だって私はずっと、それらは「買う生活」で手に入れられるものと信じて疑わなかったのだ。ってことで長い間、とにかく一円でも多くのお金を稼がんと、「いい学校、いい会社、いい人生」(注:主に昭和の時代に信じられていた人生の方程式)という道を外れてはならじと精一杯踏ん張ってきた。
つらいことや理不尽なことがあっても、この程度の苦労や試練に耐えられないなら幸せなど手に入るはずもなし。そう自分に言い聞かせて耐え難きを耐えてきたのである。
でもそれは、どうもとんでもない勘違いだったらしい。
だって実のところ、どれほど頑張ってサラリーを稼いでモノを買いまくっても、結局はどこまでいっても灰色の忍耐時間と大して活用していない山ほどのモノたちがどんどこ積み重なるだけで、なぜか肝心の「幸せ」はどこまでいっても手に入った実感が得られずにいたのですよ。

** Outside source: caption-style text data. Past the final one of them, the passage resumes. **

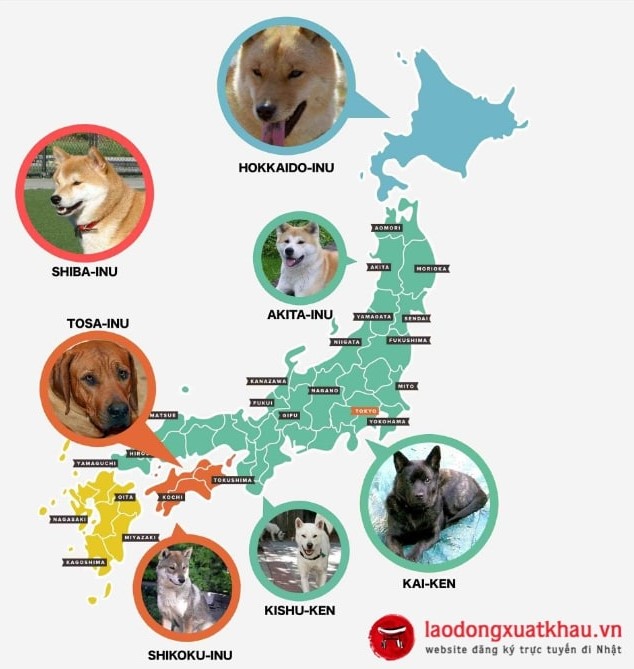 Top 8 loài chó Nhật vừa đẹp lại thông minh nhất QUẢ ĐẤT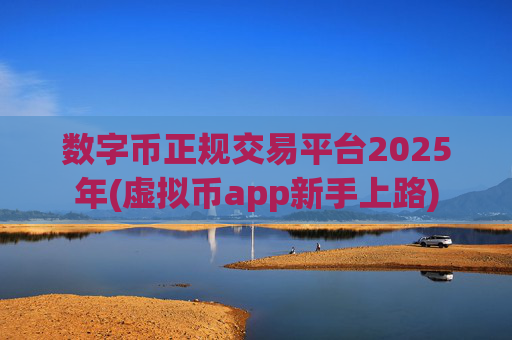 数字币正规交易平台2025年(虚拟币app新手上路)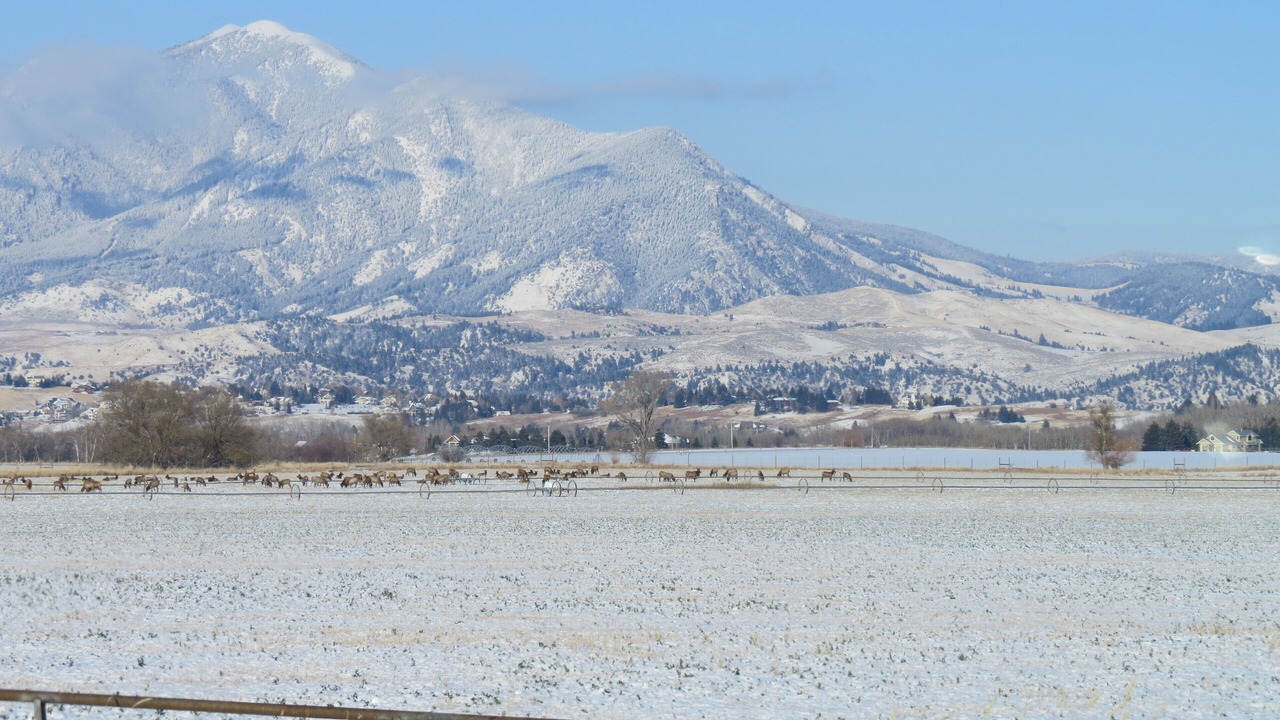 Photo of Others in Bozeman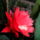 Epiphyllum_ackermannii__levelkaktusz_1730070_5530_t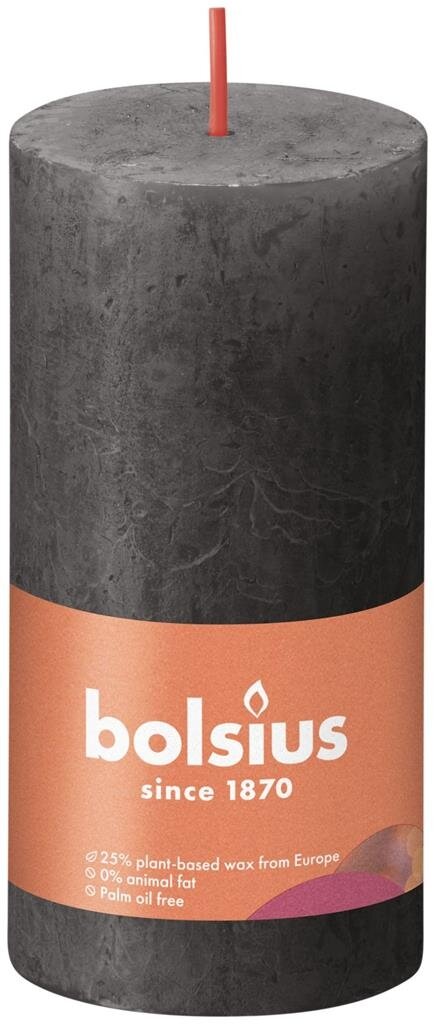 Bolsius kaars rustiek 10x5 cm stormy grey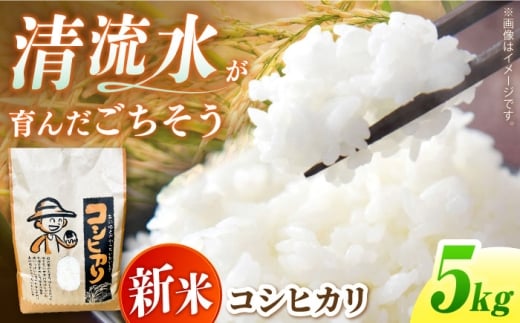 [令和7年度産 新米] コシヒカリ 5kg 米 白米 国産 新米 岐阜 白川町 / 健康農園 [AWBW001]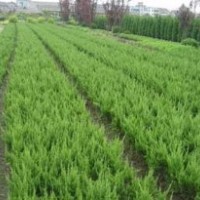 今年苗木便宜了龍柏.鋪地柏.北京檜.蜀檜.側(cè)柏.沙地柏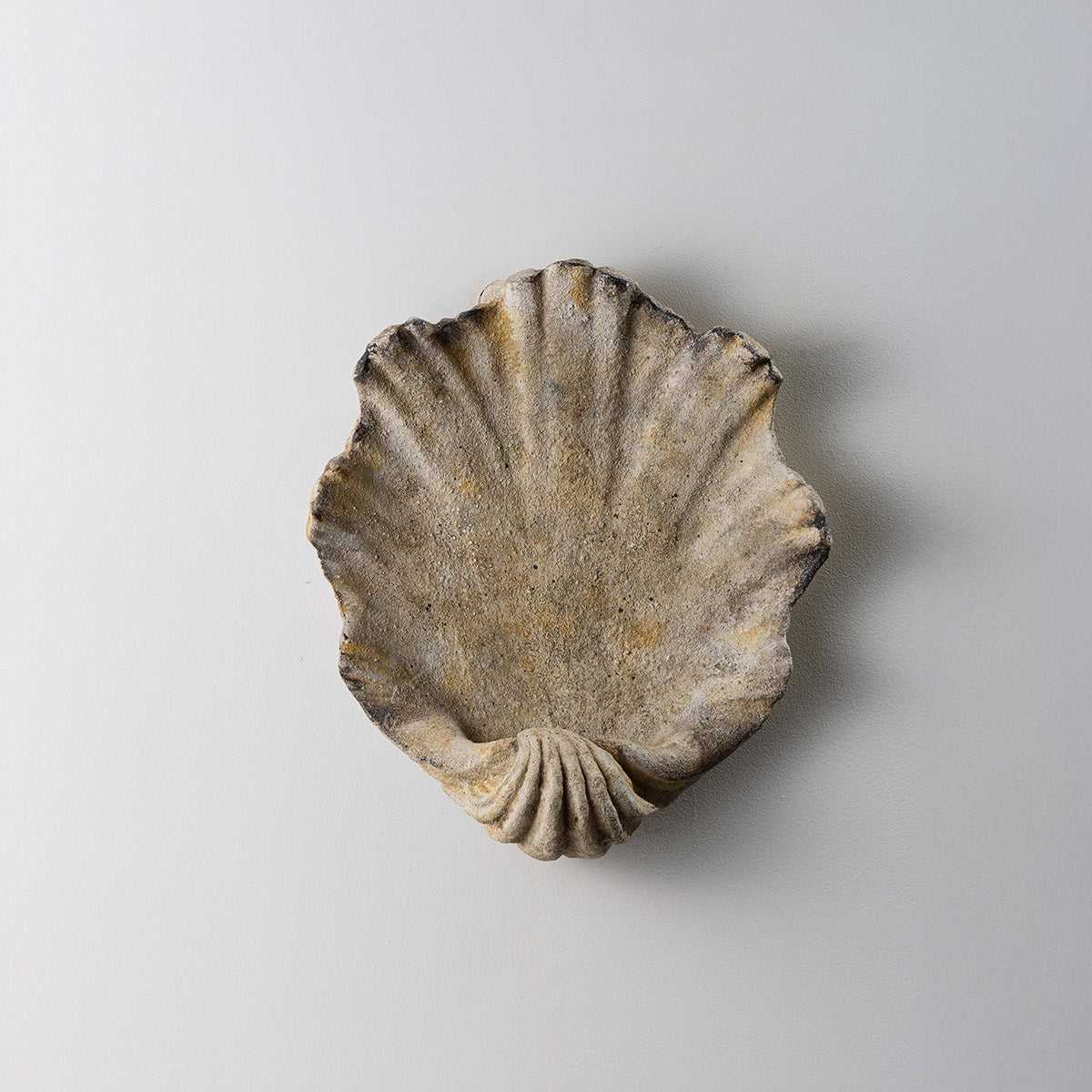 Scallop Wall Light Small TWL52S-BSE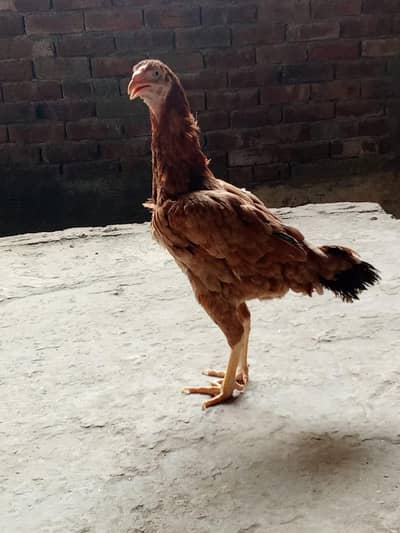mian wali aseel hen pure home breeding hen 10 by 10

ところが会社を辞めて仕方なくお金を使わない生活を始めた途端、その瞬間からすべての「幸せのモト」がコロコロとわが手中に転がり込んできたのだ。
思い込みそのものが間違っていた?
ってことは結局「お金」と「幸せ」の間にはほぼ何の関係もなかったってこと……? 「お金を手にすれば幸せが手に入る」という思い込みそのものが間違っていたってことなのか……?
いや、どう考えてもそういうこととしか思えない。
だって改めて思い返せば、私は「幸せになるには何はともあれカネしかない」と思い込んでいたがゆえに、ストレスを溜めまくりながらお金を稼ぎ、しかし稼いだ金をせっせと使ったもののどうも幸せになれず、となると、今ですらこの状態なんだからこれでお金がなくなったらもっとひどいことになるんじゃないかと怯え、もっと稼がなきゃさらに頑張らなきゃと焦り、ってことで当然ストレスフルな生活はどこまでも終わりがなく、しかもその結果得たお金をどう使ってもやっぱりどうも幸せになれず、そのうちトシもとってきて頑張りもふん張りもだんだん利かなくなってきて、ああこれから私はいったいどうなっちゃうんだ~と将来への不安だけがシンシンと積み重なっていく……って、よく考えたら負のスパイラル以外の何物でもない人生を延々と過ごしてきた。